Assassination is a Facet of The Military Element of Power
The recent announcement of a large reward for the murder of a Danish cartoonist by a ‘cleric’ in Pakistan highlights a dynamic in the current war against Islamofascists that isn’t being discussed openly in the West. Hopefully it is being discussed privately among the Western leadership.
The subject is assassination and subversion: more specifically, the selective assassination of certain so-called 'leaders' calling for the destruction of the West, and the active subversion of their power structure. These ‘leaders’ are actively seeking to destroy Western Civilization, and impose dhimmitude upon the West. Their selective death and/or disappearance would frustrate and inhibit potential replacements.
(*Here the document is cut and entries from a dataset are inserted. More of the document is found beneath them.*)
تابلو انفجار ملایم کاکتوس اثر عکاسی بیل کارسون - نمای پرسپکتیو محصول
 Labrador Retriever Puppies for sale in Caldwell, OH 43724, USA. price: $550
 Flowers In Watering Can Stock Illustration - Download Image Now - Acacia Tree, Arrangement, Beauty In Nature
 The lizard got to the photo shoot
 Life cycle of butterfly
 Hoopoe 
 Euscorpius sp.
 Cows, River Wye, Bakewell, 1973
This will do nothing about the burning hate behind the remaining fascist’s ideology, but it will ensure that their hate stays within a tighter circle of fanatics...because it is a lot harder to foment trouble when you can’t scream at the top of your lungs about it.
How to (Mostly) Stem the Tide of Islamofascism
It seems to me quite sensible to develop a coherent strategy for dealing with these vermin as individuals without having to go to the trouble and cost of conventional warfare for the following practical reasons:
1. If action must be taken, the elimination of a relatively small number of troublemakers is a far more moral and desirable option than placing large populations under the threat of total warfare. Taking this approach would not necessarily pre-empt use of general warfare for other compelling reasons.
2. Assassination would more fully exploit a Western advantage in asymmetrical warfare. It capitalizes on the weaknesses of the Islamofascist organization along tribal lines. Decapitation of organizational leadership creates greater internal friction among factions and potential successors in these kinds of groups as compared to democratic organizations with tried-and-true formal rules of succession.
3.Assassination will create distrust between the heretofore cooperative elements, such as the different allied organizations operating under the Al Qaeda umbrella
4. The current aversion to assassination as a military option is a relatively modern phenomenon. Serious consideration of the assassination option will shed new light on the flawed logic that proscribed it in the first place.
To preempt any silliness asserting that we shouldn’t use assassination as a tool because someone else could try and use it against us, let me point out that they have already tried to use it.